The Florida panther has been on the endangered species list since 1967, meaning that wounding or killing one violates federal law. Despite this protection, by 1995 there were fewer than 30 Floridian panthers left in the southeastern United States due to habitat loss, environmental degradation, birth defects from inbreeding, and illegal hunting. Panthers in the Everglades National Park, the setting of the novel, are smaller and fewer than in the north because much of the park consists of wetlands, but panthers need higher elevation and drier terrain to thrive.
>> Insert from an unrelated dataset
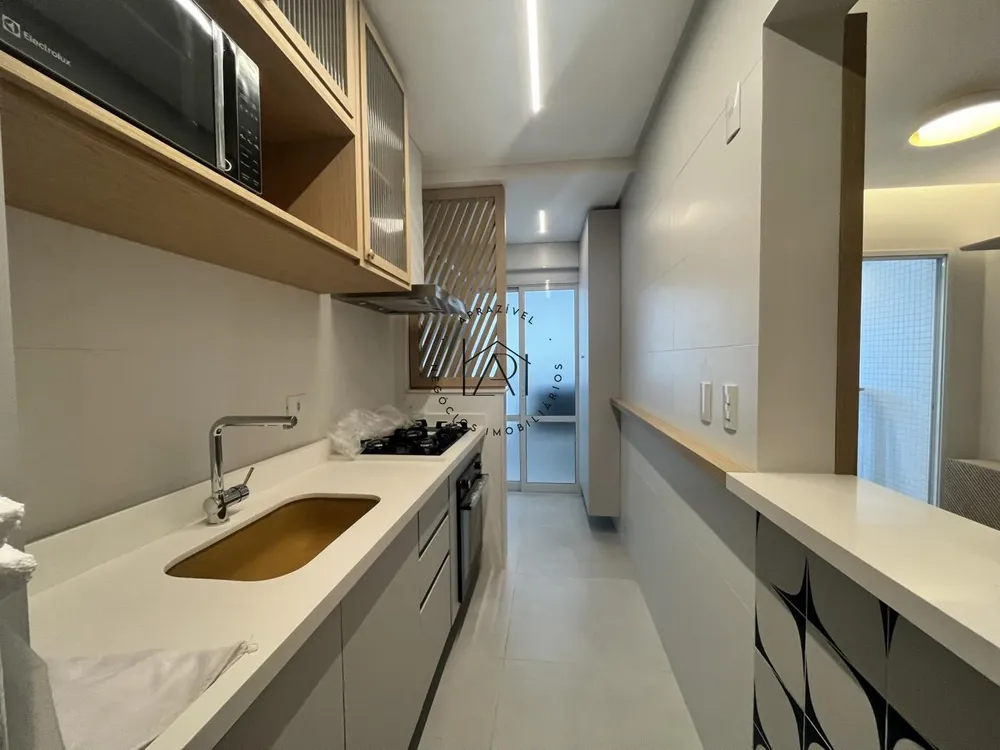 Apartamento, 2 quartos, 63 m² - Foto 7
Since 1978, 36 Florida panthers have been shot by people wielding pistols, shotguns, or rifles. The shooting of a panther by an Indigenous person raises a number of constitutional issues, including freedom of religion and the rights of Indigenous people to hunt on and off reservations, in accordance with treaties signed by the federal government when the tribes ceded their lands. Hogan’s story of Ama and the panther was inspired by the case of a tribe chairman who was acquitted of killing one in 1983 when he said that it was part of a religious ritual. The federal trial ended with a hung jury (“Mistrial Declared in Panther Killing.” New York Times, 1987). Then, when he was tried on a state charge, his defense raised questions about whether he had killed a purebred panther or a crossbreed not protected under the law, and the charges were dropped. Omishto’s symbolic role as the sole witness to the panther’s shooting and in the following two trials, as well as to people’s complex reactions, creates a sensitive and multi-dimensional portrait of these events that defies simple judgment. Omishto, through clear sight, sees everyone’s position as right as well as wrong. Ultimately, the novel holds people accountable for their intent and integrity, and respect for nature, rather than just their actions.